第48回<昭和51年>選抜高等学校野球大会

<1回戦> 徳島商 6-3 和歌山工
  1 2 3 4 5 6 7 8 9
徳島商 2 0 0 3 0 0 0 0 1 6
和歌山工 0 0 0 0 0 0 0 3 0 3

 徳島商が前半、効率よく加点、終盤になって大会初ホーマーで追いあげる和歌山工を振り切った。
 和歌山工・吉田、徳島商・日川の両左腕の先発となったが、徳島商の初回の速攻で先取点。早朝試合でまた腕の振りのにぶい吉田をとらえ、先頭の武市が左前打、林が選んだあと、阿部が中前にはじき返して満塁、しきりと肩と腕を動かしマウンド上で気持ちを落ち着けようとする吉田。しかし動揺した表情はかくし切れず、そこにつけ込んだ安村は2-3と粘ったあと左前に2点タイムリー。
 さらに徳島商4回、庄野の左中間二塁打などをはじめ、長短4安打に2四球、スクイズなどをおりまぜ、打者一巡で3点を加えた。
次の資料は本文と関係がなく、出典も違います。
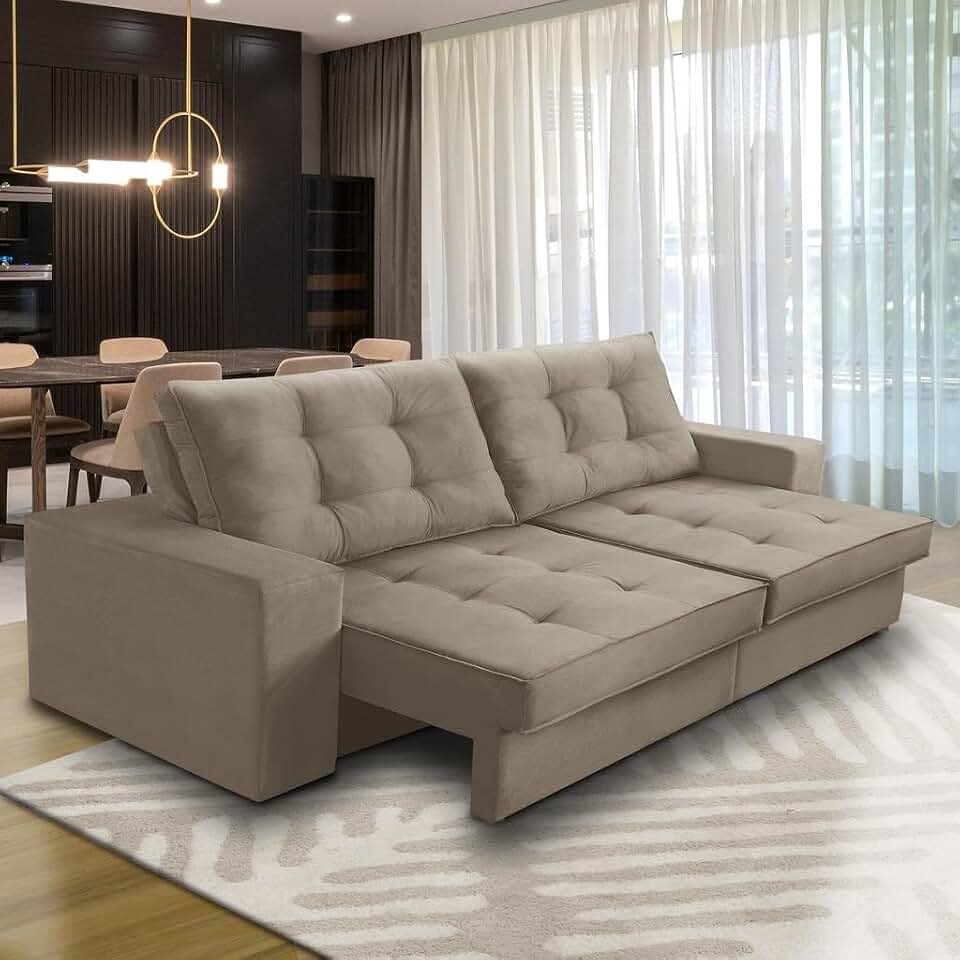 Sofá Retrátil e Reclinável 2 Lugares 1,50m em Suede com Molas e Espuma D33 para Sala de Estar (Cappuccino)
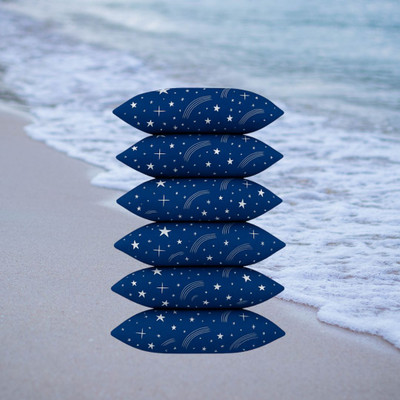 CATHROL Polyester Fibre Sleeping Pillow Pack of 6 Abstract 6 Pillows(Blue)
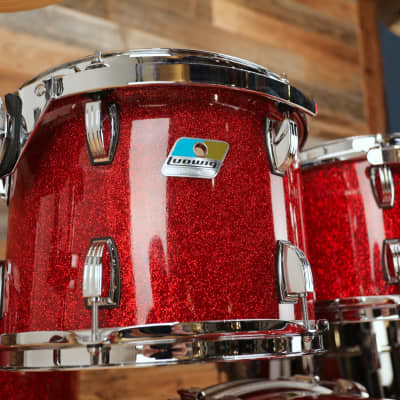 LUDWIG VISTALITE 4 PIECE DRUM KIT, EXTREMELY RARE INFUSED RED SPARKLE –  Drumazon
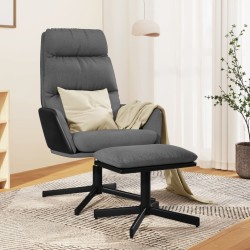 vidaXL Relaxsessel mit Hocker Hellgrau Stoff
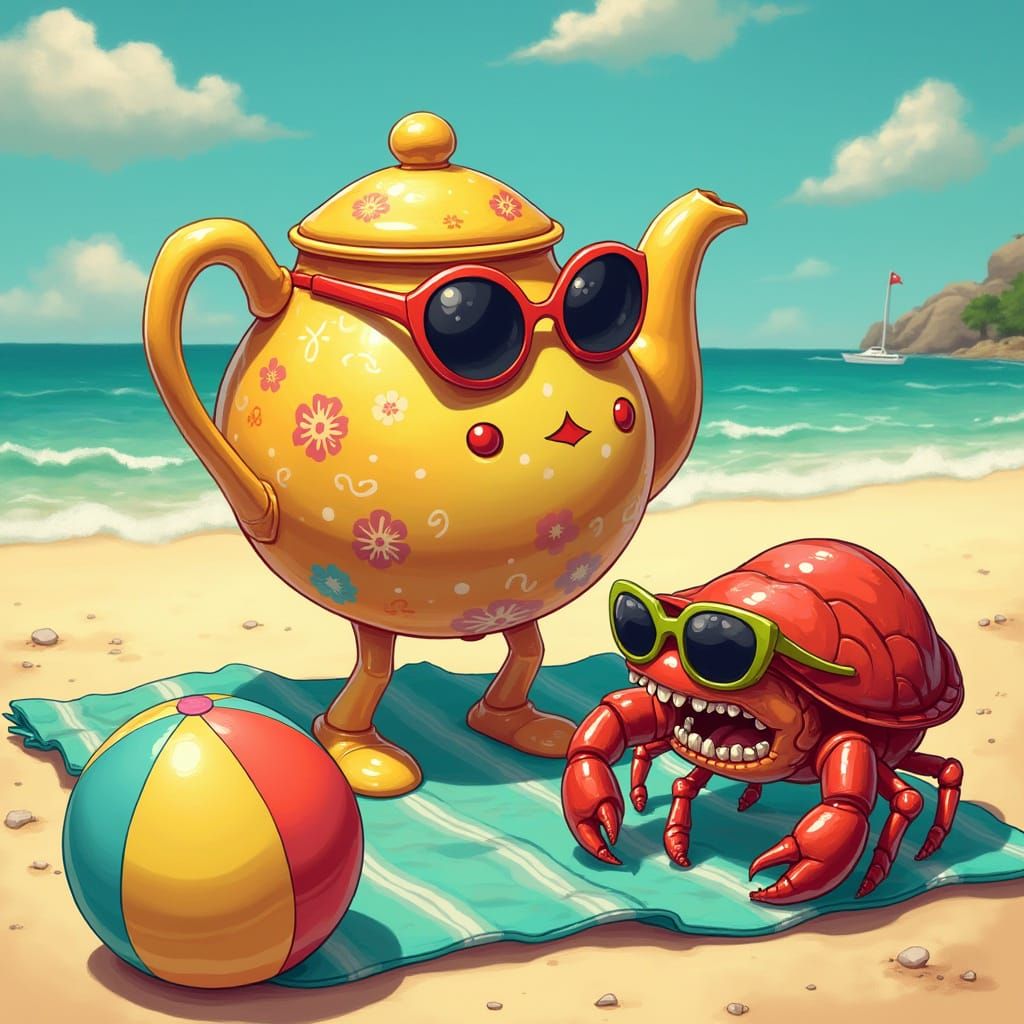 Surreal Beach Scene with Frightened Teapot and Menacing Crab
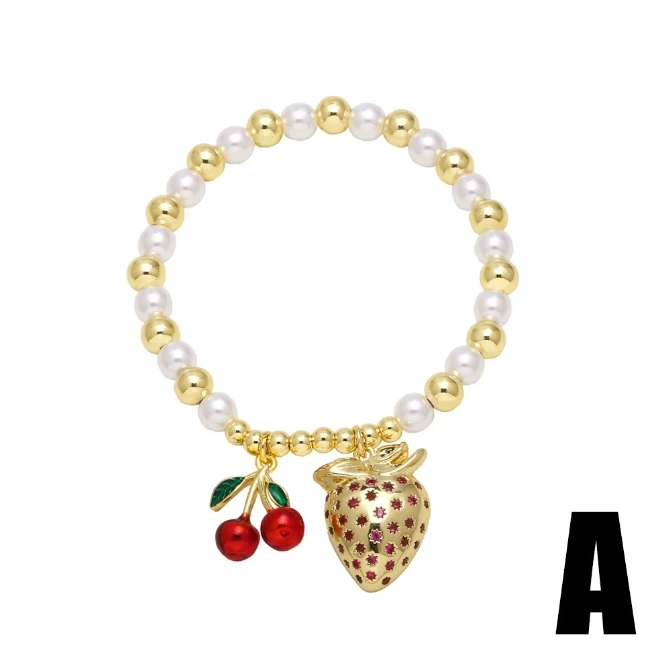 Enamel strawberry/turtle red hoop earrings gold plated CZ micro paved cherry/star/heart bracelet jewelry wholesale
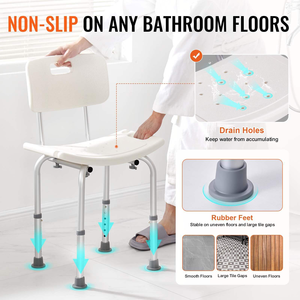<span class=keywords><strong>Chaise</strong></span> de douche réglable avec dossier, design antidérapant, légère, <span class=keywords><strong>pour</strong></span> <span class=keywords><strong>baignoire</strong></span> et douche, siège et dossier <span class=keywords><strong>pour</strong></span> personnes âgées - Product Image 3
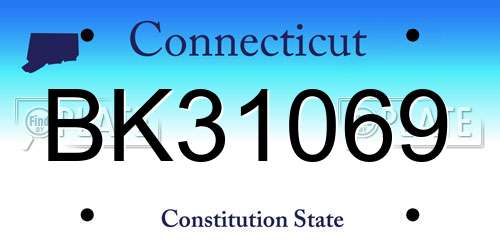 BK31069 Connecticut License Plate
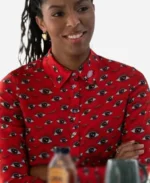 Jessica Williams Shrinking S02 Red Eye Print Top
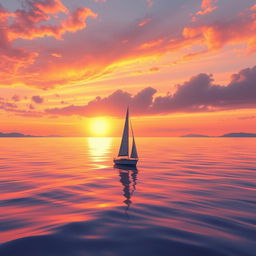 A vivid animation scene illustrating a sailboat drifting aimlessly in the expansive ocean without any sails during a stunning sunset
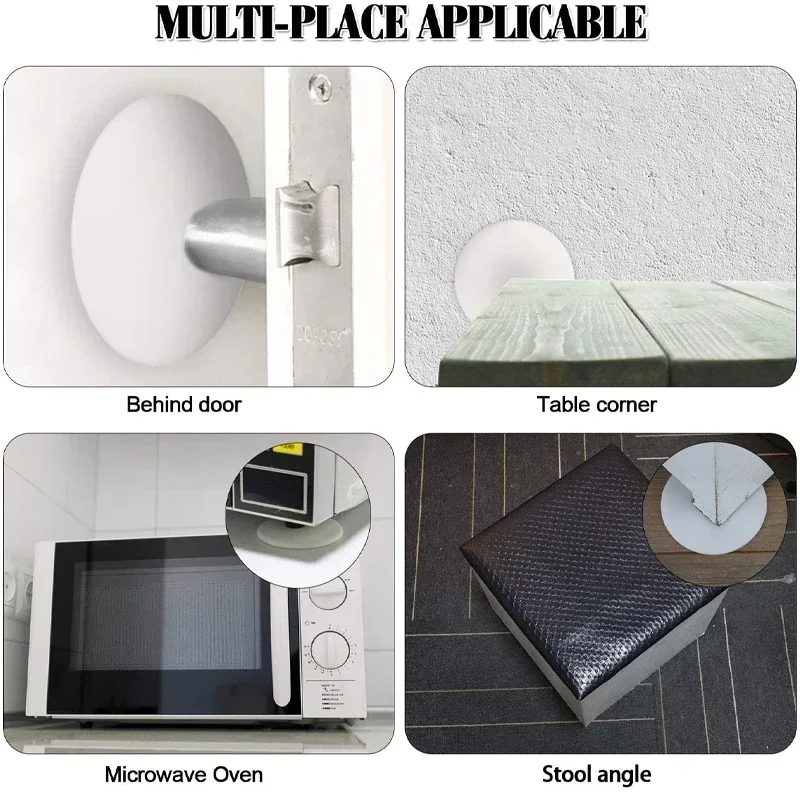 Door Stop Nordic Safety Supplies Silicone Self-adhesive Door Stopper Wall Protection Buffer Protective Plug Home - الصورة 4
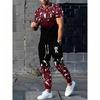 Men's Polyester Sportswear | Elegant Casual Round Neck | Slightly Stretchy Knit with 3D Print Crown Pattern Short Sleeve T-Shirt and Pants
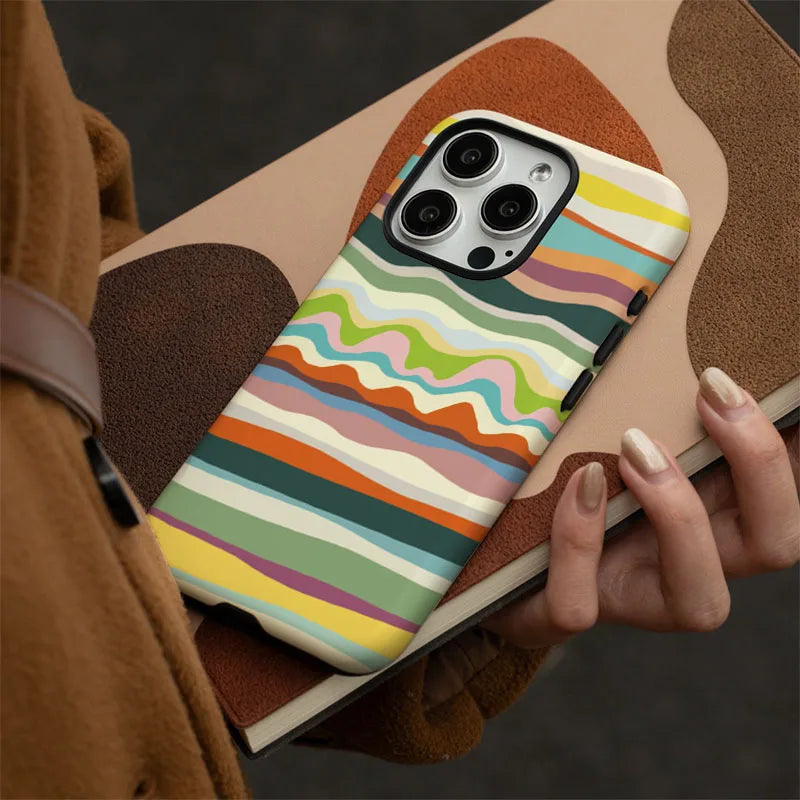 Colorful Striped Case for iPhone 16 15 14 13 12 11 Pro Max XR XS 7 8 Plus 2-in-1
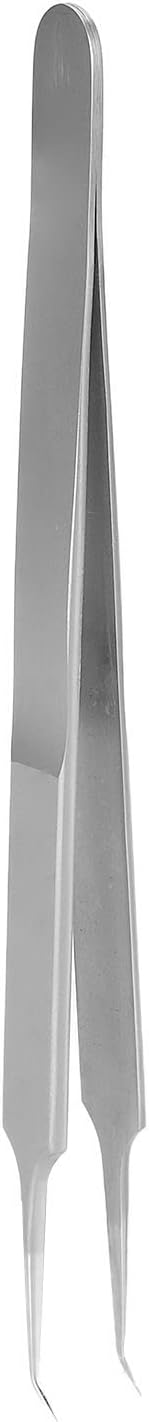 Walfront Hardened Tweezers, Curved Accurate Repair Maintenance Fixture Tip Lengthened BST?18 202 Stainless Steel Material, Tweezers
強打のつぎは一転して送りバント、つぎは強打と緩急自在の攻めはさすがによく鍛えあげられている。
 和歌山工はさほど球威があるとは感じられない日川がなかなかつかめない。2回、二死から浜崎が左中間を破る二塁打のあと真田が左前打。浜崎が本塁を欲ばり失敗。3回から5回まで毎回安打しながら低目の球に手をやき、あと一歩の壁が破れない。やっと8回になってやや疲れがみえ、投球動作がにぶくなった日川をじっくり攻めたて、無死から吉田が中前打、湯川が選んで一、二塁、二死後、西川が1-1後の内角高めを左翼ラッキーソーン今大会第1号ホーマーを放ち、3点をかえしたが遅かった。

<2回戦> 新宮 3-8 日田林工
  1 2 3 4 5 6 7 8 9
新宮 0 0 0 0 0 2 0 1 0 3
日田林工 5 1 0 0 0 2 0 0 × 8

 堅さのほぐれない新宮。その立ち上がりをついて日田林工が大量のリードを奪った。
 1回、一死米原が中前打し、ボークで進塁、柳川四球のとき三盗すると柳川もすかさず二盗。自らのミスとモーションの大きさをつかれた新宮・坂地投手は、ますますうわずって八谷にストレートの四球を与え満塁。ここで力の日田林がまず小わざで先制した。入田が2-1から投前スクイズ・バントすると二塁走者の好走塁でこれが2ラン・スクイズとなった。
 そのそつない攻撃のあとは一転して強打に転じ、山田の左前適時打につづき小関、松原も安打して再度満塁。喜見の一打は平凡な二ゴロだったが二塁手が一塁へ悪送球し、日田林は労せずして2点を追加した。
 新宮も懸命に攻めた。2、4、5回と先頭打者が出塁したが、ヒット性の当りが正面をつくなど2併殺を喫して逸機。ようやく6回3長、短打を集めて2点を返した。ところがその裏、2回半ばからリリーフして好投していた2年生の下村がつかまり、せっかく取り返した点をそっくりはき出してまた6点差。この2点が決定的となり、8回新宮の井上が左翼ボールにぶっつけた大会第3合本塁打も影が薄れ、本調子でない喜見投手に完投を許してしまった。
 新宮はよく攻めはしたが、かき回し戦法にもろい守りが、こうも破たんをきたしては勝ち目はなかった。逆に相手の弱点をつき、毎回安打で多彩な攻めをみせた日田林工は、ウワサどおり活発である。